Namah became de facto leader of the opposition, where he led two initiatives to seize power. He challenged the succession of Peter O'Neill by James Marape in court (which he lost), and led a campaign for a vote of no confidence to replace Marape with Patrick Pruaitch. This attempt also failed after the opposition split between Pruaitch and Sam Basil. Basil's supporters returned to government with Pruaitch, but Namath remained in the opposition. Namah again attempted to generate a vote of no confidence . In 2022, Namah announced he would leave the opposition and join the government. He was appointed in September 2022 as Chairman of the Foreign Affairs and Defence Parliament Committee.

===Court cases===
In 2015, the Papua New Guinea Post-Courier reported that sixteen charges of misconduct had been brought against Namah by the Ombudsman Commission. In May 2012, Namah stormed into the Supreme Court, accused Chief Justice Salomo Injia of sedition, and demanded his resignation. The court had upheld a December 2011 ruling that the O'Neill-Namah government was illegal, and the incident was referred to the Ombudsman Commission as misconduct in office. Namah apologised soon afterwards to former Prime Minister Michael Somare and Injia for his behaviour during the 2011-2012 parliamentary crisis. After several delays, a Leadership Tribunal recommended Namah's removal from office.

Namah was referred by the prosecutor to a Leadership Tribunal in October 2016, four-and-a-half years after the events took place, and was suspended from his post. The tribunal reached a decision in April 2018, and recommended his dismissal from office. Namah asked for a judicial review of his dismissal and called the ruling a miscarriage of justice; of several MPs involved in storming the Supreme Court, Namah was the only one prosecuted. In September 2020, the Supreme Court dismissed an application for an injunction against a 16 July National Court ruling which favoured Namah. Although Namah's challenge to the 2019 appointment of James Marape was rejected by the Supreme Court the following year, he was again recognised as leader of the opposition.

===Ethical issues===

Namah said that Prime Minister Peter O'Neill was disqualified from also being the acting Minister of Police. O'Neill asked authorities to investigate how Namah obtained K50 million in 2012 campaign spending.

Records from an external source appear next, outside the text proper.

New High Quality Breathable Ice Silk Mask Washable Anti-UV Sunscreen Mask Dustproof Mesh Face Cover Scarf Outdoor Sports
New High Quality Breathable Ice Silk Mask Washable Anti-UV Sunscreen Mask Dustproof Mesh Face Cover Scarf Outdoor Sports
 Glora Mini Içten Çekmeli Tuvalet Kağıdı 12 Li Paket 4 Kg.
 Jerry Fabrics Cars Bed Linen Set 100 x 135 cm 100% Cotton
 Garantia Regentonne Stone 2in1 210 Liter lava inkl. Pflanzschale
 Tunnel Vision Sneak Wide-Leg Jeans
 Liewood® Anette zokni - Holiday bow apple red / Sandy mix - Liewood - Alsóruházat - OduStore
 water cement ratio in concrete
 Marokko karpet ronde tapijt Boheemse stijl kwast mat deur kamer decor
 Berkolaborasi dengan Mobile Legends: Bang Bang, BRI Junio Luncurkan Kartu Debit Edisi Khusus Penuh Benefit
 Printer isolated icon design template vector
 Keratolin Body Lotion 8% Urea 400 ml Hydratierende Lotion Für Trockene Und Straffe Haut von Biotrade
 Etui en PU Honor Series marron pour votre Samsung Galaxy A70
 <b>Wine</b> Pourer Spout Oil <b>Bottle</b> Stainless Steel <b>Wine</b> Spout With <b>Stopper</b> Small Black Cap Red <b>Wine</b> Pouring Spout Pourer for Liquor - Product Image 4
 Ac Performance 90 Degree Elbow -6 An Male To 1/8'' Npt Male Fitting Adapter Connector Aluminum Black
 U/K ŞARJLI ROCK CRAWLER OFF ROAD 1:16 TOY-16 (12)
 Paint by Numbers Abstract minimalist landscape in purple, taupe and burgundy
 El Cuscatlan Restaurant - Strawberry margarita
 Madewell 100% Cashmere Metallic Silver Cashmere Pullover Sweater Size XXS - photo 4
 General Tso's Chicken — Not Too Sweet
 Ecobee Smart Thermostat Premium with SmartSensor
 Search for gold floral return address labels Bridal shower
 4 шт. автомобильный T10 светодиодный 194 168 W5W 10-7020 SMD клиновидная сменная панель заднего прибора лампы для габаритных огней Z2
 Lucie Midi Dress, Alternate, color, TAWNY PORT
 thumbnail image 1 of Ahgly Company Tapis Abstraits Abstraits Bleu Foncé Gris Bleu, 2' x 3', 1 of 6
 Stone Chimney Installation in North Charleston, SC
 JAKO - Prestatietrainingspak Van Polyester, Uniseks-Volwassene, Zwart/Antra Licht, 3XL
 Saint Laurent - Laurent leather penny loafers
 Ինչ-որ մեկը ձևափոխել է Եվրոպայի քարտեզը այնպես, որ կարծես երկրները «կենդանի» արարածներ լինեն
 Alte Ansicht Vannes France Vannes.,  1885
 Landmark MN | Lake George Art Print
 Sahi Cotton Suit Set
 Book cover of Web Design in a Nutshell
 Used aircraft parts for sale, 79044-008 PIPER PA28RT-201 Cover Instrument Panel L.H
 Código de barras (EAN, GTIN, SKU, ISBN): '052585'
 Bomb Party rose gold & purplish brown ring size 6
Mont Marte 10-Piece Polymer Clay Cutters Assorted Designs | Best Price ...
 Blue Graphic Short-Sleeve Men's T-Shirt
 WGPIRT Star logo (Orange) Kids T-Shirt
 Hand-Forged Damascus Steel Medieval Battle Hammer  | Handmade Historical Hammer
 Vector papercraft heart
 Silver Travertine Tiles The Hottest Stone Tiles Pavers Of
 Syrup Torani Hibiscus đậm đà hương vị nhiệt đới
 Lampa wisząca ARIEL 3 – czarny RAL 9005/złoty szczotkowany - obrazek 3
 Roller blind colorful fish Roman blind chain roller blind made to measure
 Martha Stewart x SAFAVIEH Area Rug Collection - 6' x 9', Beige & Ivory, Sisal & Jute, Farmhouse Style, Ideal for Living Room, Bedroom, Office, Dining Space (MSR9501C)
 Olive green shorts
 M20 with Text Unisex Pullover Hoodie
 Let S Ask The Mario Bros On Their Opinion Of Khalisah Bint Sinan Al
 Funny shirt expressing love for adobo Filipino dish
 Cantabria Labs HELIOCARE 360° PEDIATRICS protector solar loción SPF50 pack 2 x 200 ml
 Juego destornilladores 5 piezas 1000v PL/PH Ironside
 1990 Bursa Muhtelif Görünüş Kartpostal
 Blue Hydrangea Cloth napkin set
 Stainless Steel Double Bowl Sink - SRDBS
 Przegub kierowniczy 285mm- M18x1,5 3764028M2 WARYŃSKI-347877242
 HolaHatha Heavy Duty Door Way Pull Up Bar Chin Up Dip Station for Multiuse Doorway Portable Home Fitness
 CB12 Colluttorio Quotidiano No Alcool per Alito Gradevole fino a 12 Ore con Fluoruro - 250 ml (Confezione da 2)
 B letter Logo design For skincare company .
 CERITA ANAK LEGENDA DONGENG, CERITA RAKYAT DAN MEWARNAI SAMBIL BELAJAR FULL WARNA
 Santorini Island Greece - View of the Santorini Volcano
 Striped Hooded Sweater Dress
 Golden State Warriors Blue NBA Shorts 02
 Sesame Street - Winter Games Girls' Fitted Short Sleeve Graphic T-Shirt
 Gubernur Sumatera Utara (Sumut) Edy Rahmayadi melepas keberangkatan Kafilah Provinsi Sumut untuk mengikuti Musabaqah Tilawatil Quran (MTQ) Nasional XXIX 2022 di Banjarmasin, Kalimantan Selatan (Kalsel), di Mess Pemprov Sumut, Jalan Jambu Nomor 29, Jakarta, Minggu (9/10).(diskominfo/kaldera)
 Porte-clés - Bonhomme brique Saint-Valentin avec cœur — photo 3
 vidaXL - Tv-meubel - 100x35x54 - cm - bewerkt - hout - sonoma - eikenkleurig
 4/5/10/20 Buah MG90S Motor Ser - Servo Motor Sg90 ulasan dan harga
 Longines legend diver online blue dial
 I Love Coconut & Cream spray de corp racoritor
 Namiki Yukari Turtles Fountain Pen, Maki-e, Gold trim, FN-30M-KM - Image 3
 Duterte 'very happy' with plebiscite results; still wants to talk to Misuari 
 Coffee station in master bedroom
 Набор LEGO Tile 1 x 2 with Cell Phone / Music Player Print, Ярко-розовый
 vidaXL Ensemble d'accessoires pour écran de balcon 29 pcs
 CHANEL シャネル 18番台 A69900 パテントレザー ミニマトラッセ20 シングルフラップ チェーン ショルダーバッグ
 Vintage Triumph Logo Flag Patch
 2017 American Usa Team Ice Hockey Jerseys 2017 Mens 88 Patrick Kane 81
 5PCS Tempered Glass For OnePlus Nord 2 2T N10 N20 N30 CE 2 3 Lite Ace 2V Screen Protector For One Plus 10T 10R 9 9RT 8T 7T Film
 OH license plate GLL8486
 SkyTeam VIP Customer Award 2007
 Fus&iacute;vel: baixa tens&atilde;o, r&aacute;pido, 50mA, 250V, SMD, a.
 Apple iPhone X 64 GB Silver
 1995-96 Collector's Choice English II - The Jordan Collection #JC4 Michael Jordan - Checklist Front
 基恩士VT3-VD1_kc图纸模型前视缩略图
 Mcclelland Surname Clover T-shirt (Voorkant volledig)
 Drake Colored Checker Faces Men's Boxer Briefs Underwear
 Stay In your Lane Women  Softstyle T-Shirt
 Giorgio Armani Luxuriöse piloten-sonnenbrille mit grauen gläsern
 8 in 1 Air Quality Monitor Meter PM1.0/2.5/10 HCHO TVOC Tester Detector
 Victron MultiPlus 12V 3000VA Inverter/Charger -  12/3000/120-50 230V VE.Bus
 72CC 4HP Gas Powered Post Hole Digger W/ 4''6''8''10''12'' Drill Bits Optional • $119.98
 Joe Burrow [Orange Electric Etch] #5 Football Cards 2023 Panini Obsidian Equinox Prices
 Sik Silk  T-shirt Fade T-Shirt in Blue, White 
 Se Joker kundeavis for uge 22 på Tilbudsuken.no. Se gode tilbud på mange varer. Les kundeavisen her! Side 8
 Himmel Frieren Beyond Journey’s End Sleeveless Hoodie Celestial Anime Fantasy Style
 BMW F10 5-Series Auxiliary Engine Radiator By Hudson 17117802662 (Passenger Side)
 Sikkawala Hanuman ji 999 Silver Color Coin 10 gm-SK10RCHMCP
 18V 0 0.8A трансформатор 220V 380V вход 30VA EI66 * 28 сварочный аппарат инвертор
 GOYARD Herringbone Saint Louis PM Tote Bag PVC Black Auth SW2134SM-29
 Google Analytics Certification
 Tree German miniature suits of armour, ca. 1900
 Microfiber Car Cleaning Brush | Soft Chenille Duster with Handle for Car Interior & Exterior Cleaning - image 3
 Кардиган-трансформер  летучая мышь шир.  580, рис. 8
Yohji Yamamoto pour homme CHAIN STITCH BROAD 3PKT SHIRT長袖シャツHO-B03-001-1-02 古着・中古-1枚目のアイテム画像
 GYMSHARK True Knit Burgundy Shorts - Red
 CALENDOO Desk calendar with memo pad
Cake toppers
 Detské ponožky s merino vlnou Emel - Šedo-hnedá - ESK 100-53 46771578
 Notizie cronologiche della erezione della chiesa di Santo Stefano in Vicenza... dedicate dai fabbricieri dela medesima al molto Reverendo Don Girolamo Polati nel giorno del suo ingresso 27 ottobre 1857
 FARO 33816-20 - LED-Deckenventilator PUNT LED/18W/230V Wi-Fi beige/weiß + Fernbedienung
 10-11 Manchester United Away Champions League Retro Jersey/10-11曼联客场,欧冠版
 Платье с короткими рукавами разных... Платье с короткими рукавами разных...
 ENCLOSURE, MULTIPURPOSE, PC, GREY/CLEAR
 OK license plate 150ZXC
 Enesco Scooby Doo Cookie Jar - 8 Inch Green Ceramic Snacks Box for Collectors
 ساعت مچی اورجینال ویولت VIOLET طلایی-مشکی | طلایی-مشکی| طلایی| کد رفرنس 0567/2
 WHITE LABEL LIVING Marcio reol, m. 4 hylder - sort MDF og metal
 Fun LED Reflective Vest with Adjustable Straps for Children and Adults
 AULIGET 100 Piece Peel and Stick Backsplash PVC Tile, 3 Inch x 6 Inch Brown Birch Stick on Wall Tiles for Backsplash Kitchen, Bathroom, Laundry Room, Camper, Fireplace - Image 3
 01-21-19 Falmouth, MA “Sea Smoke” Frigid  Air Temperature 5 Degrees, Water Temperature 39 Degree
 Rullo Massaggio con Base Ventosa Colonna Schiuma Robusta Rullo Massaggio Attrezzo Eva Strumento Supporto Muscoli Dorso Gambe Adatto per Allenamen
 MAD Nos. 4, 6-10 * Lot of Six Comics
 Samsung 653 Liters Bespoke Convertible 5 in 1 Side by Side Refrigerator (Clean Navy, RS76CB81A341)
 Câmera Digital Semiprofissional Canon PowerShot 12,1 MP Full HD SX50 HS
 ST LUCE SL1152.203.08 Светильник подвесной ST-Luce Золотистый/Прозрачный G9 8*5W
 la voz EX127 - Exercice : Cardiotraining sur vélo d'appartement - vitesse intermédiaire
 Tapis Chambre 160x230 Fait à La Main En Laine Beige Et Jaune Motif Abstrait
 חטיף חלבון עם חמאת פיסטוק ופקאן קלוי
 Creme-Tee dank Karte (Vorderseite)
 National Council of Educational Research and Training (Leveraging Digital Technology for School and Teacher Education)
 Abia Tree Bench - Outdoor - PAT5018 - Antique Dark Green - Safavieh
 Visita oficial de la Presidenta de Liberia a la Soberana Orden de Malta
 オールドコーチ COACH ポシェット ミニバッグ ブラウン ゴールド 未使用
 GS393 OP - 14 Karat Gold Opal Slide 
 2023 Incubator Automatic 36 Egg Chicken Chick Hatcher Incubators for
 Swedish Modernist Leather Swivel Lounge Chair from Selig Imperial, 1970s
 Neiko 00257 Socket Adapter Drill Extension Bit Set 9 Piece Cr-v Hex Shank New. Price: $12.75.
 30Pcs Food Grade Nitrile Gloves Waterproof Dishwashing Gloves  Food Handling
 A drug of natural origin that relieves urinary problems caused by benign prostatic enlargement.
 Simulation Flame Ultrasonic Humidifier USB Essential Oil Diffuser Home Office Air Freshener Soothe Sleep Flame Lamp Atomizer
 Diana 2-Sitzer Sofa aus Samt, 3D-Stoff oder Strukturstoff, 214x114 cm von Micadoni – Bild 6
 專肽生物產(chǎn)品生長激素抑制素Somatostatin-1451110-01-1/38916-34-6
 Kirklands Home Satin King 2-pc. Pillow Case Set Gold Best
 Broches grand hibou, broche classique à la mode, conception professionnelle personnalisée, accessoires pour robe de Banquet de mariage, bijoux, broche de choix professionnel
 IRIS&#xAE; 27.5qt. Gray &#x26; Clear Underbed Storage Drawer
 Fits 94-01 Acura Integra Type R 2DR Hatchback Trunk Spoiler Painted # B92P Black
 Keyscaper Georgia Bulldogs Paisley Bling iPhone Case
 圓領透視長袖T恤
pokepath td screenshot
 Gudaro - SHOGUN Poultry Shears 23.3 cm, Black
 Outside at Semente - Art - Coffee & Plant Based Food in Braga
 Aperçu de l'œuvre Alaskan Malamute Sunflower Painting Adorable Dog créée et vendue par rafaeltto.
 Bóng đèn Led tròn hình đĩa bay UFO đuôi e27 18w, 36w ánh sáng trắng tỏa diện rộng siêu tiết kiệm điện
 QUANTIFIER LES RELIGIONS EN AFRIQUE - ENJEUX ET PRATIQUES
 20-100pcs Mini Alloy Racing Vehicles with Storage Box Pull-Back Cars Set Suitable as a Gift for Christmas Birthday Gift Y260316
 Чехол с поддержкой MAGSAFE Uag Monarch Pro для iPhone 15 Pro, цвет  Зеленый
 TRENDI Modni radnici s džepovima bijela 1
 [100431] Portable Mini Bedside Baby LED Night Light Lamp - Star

Namah was reportedly ejected from a Sydney casino in because of misbehaviour, but was readmitted because he was a high roller. Police requested an interview with him in June 2013 about the possible misappropriation of 4.6 million meant for a road project in West Sepik, but Namah denied the allegation.

== Political views ==
When Namah became deputy prime minister in 2011, he said that any government he might lead would aim to provide free universal education and healthcare, and to "fix the law and order problem in this country". Prospective university students would serve two years in the military, and Papua New Guinean scientists working on climate change would be supported.

During the run-up to the 2022 election, Namah advocated privatising state enterprises. Saying that the PNG economy was import-driven, he wanted to make it an export-driven economy.

== Personal life ==
Namah, a Seventh Day Adventist, is married with children.